Artwork Information

  • Title:

    Cove, The

  • Artist:

    Hassam, Childe

  • Artist Bio:

    American, 1859–1935

  • Date:

    1912

  • Medium:

    Watercolor and gouache on paper

  • Dimensions:

    14 x 20 inches

  • Credit Line:

    Wichita Art Museum, John W. and Mildred L. Graves Collection

  • Object Number:

    1998.15

  • Display:

    Not Currently on Display


About the Artwork

The paintings of French Impressionist Claude Monet provided ample precedent for the subject and technique of Hassam’s images of the cliffs and coves of the isles of Shoals. In the 1880s and 1890s Monet visited French seaside tourist resorts such as Étretat where he painted serial views of rock outcropping along the coast.

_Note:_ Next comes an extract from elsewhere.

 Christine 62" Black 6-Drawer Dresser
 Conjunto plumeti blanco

Hassam who studied in France in 1886 and was an avid museum goer at home or abroad had many opportunities to view Monet’s work. Like Monet, Hassam enjoyed the challenge of disclosing infinite variety in a single subject painted many times in differing lights and aspects.

The scholar, David Park Curry, believes that Hassam’s late period watercolor renderings of the coastline of the Isles of Shoals, including The Cove, were among his most dynamic interpretations of that theme. Curry explained that although these watercolor images referred to specific places, they were abstract in design and seemed “to capture the very ethos of craggy rock and limpid water.” 1

  1. David Park Curry, “The Rocks of Appledore,” Childe Hassam, An Island Garden Revisited, Denver Art Museum, 1990, p. 189.